I had a calcified cervical, 425 lbs. 7 in needle recently. I changed angles and tried two levels, meeting stone wall throughout. Just called it a day.

“Everyone walks away.”-Furman
I’ve had to call it a day several times. I just tell the patient and say I’ll keep trying my best to find something that’ll work for you. Patient has never gotten upset and I lost zero sleep that night.
 
Thank you this is what I was looking for. Interestingly, I was at a party last night where I was able to hang out with some of our interventional radiologists soi posed the question to them. They are telling me that this protocol is pretty much useless against true full-blown anaphylactic reactions, which I didn’t realize. Are you guys still using it for those types of patients? Also, he told me he still uses Gad for his spine patients with contrast allergies. He even said they will still do MR myelograms with very low-dose gad which I couldn’t believe.
sounds like a fun party. was this discussion before or after keg-stands.

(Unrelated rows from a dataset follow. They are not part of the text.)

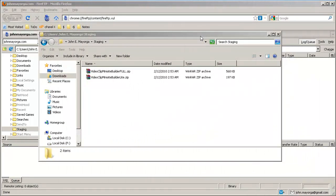Hello, my name is John Mayorga. It's been reported to me by some people that they're having difficulties getting the Video Clip Minisite Builder to work properly. Some even wonder where is the program. Well, I'll make this little video to show you just how easy it is to install. Here we go.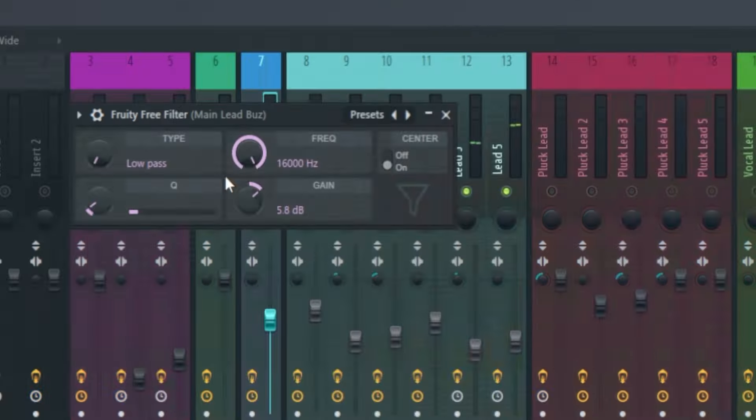Then I also added a second lead layer which sound like this. In the second part of the drop, I added some top loops. Then I also added a little bit of variation in the lead.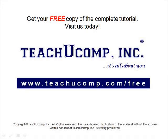Get your free copy of the complete tutorial at www.teachucomp.com/free.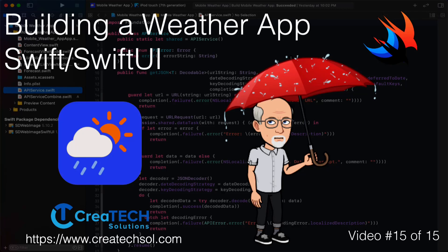Hi, my name is Stuart Lynch and this is the 15th and final video in the Mobile Weather App series. A link to the app website is in the description below as well as links to the other 14 videos in this series.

everyone who is stil doing caudals b/c they were trained that way: stop. just do an S1 TFESI. quicker, easier, and closer to the pathology. hardware is never in the way
 
sounds like a fun party. was this discussion before or after keg-stands.

everyone who is stil doing caudals b/c they were trained that way: stop. just do an S1 TFESI. quicker, easier, and closer to the pathology. hardware is never in the way
It was at a neurosurgeons place so needless to say the bar and food were top notch

And who’s talking about caudals and S1 TFESIs. Did you forget to take your aricept this morning old man
 
sounds like a fun party. was this discussion before or after keg-stands.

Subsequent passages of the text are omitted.